CSC 470 Data Mining Fall 2005 – Evening Section
Assignment 1 Data Preparation 10 points
Assigned: 09/14/05
Due: 09/21/05
Task:
Create arff files suitable for the WEKA software as described below:
1. Obtain the file NJDOHcleanFinalDataReducedReady.csv from my WWW page
2. Remove attribute: FIPScode
3. Use Excel to replace 1990 data (5 attributes) with percent change from 1990-2000 (actually use a decimal such as .02 would be a two percent increase)
· Be careful! If you don’t know how to do this relatively quickly in Excel – ask!

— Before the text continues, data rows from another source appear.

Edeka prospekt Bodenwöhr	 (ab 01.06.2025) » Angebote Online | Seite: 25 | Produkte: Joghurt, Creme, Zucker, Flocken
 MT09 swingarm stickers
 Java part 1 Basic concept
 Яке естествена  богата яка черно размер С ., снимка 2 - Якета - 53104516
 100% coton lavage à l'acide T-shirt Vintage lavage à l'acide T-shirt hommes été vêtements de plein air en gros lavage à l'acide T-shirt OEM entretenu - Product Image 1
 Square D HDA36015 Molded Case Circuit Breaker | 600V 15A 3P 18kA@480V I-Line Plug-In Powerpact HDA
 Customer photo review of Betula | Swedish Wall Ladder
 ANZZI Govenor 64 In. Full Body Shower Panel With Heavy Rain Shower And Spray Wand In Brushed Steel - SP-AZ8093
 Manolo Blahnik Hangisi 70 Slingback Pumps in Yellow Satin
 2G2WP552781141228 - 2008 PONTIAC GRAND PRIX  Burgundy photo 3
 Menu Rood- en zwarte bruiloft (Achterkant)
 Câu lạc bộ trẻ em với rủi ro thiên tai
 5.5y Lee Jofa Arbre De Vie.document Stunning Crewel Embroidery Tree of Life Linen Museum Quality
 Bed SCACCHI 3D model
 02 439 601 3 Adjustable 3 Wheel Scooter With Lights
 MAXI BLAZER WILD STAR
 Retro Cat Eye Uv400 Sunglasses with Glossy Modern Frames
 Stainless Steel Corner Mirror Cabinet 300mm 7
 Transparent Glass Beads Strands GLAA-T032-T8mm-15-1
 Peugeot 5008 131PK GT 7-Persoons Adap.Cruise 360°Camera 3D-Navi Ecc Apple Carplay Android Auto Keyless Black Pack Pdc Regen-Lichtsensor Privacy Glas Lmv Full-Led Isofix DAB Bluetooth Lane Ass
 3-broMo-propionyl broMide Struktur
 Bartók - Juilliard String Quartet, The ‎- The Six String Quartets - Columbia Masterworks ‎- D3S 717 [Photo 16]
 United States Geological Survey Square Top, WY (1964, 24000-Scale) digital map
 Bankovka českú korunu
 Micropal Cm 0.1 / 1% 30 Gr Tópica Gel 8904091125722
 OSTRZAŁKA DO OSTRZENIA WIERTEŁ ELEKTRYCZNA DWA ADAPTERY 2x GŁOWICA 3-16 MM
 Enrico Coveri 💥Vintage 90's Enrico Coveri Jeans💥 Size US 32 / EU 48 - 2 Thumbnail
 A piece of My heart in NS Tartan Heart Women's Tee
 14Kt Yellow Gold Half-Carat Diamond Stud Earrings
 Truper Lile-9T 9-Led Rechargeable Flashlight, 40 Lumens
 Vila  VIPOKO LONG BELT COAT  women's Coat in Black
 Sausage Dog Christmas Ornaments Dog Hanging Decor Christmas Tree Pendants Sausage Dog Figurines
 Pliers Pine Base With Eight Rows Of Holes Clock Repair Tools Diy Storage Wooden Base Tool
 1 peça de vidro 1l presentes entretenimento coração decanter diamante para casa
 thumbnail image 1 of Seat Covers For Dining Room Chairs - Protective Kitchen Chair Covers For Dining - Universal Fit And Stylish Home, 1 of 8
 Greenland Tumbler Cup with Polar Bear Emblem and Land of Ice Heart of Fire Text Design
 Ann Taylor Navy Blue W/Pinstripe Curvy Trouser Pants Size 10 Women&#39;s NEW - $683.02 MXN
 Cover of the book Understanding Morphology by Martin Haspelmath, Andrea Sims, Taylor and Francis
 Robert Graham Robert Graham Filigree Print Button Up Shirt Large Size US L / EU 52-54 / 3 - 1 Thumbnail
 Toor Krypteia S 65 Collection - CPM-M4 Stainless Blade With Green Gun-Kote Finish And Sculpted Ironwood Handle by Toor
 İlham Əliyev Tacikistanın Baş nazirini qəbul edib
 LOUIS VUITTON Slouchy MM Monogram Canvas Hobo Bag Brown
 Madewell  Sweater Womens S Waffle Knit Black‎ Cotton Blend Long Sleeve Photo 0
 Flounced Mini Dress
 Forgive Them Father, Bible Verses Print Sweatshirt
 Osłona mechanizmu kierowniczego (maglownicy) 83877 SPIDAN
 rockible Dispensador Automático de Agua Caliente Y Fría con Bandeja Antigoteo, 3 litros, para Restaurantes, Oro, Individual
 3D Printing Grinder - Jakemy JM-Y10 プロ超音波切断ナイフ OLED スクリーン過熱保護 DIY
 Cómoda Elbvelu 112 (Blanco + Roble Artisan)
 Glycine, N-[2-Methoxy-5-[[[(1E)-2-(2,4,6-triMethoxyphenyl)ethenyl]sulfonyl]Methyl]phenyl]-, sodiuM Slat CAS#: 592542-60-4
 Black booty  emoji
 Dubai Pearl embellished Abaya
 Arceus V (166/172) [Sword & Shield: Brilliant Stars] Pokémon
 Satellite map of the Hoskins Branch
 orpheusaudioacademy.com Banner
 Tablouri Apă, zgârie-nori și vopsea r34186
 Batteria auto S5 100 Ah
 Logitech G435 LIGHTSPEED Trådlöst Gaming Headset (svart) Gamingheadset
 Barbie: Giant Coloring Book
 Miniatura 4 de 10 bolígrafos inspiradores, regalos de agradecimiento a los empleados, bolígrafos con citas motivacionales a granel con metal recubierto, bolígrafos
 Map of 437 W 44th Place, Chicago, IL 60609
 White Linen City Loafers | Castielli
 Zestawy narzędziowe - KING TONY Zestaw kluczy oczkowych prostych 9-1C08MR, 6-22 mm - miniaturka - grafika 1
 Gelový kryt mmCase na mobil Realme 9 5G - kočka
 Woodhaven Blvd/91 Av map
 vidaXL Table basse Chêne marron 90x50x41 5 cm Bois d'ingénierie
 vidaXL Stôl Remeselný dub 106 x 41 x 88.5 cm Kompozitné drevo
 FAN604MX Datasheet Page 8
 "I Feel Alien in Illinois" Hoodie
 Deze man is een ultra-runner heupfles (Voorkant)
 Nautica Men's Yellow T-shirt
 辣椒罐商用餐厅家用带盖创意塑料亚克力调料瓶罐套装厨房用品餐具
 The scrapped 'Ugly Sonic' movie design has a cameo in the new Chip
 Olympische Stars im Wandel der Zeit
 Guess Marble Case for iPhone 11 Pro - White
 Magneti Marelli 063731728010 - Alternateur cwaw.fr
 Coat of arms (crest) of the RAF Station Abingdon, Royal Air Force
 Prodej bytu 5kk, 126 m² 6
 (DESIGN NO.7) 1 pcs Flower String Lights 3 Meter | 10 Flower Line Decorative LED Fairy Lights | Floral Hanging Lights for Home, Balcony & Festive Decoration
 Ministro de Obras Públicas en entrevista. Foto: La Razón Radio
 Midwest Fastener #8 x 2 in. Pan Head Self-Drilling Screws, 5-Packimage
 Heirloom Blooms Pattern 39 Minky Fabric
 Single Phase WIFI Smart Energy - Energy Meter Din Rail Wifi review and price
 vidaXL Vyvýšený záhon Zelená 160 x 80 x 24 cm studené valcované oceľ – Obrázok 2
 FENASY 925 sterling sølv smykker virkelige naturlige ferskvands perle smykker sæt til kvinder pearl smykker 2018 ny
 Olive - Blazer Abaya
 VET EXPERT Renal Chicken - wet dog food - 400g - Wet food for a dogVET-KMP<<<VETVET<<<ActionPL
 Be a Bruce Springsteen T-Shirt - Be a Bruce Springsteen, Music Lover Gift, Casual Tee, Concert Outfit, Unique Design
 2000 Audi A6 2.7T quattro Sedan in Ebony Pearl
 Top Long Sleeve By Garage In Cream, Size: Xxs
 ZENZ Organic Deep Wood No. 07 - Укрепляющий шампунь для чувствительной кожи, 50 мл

· Remove DIV / 0 errors – replacing with ? for unknown
4. Put 2000 drug admissions last (except for % town name)
5. Save the adjusted file as a csv file, but with a arff extension
6. Edit the arff file using Wordpad to add arff header information. Make Drug Admissions a Nominal with possible values 0,1,2, etc
7. Replace empty data (how does Excel save empty data when saving to csv?) with ? for unknown.
8. Save, of course
9. Open your file in WEKA to ensure that it opens correctly
10. Discretize all numeric attributes using WEKA –
a. Use Unsupervised Attribute Discretize under the Preprocess tab
b. Choose options bins=5 and FindNumBins=True
11. Look at visualization in Preprocess area to ensure discretizing worked
12. Save to a different file name so that you have both versions of the file
13. Re-open the discretized file to make sure that that opens.
14. Turn in both files you created on a disk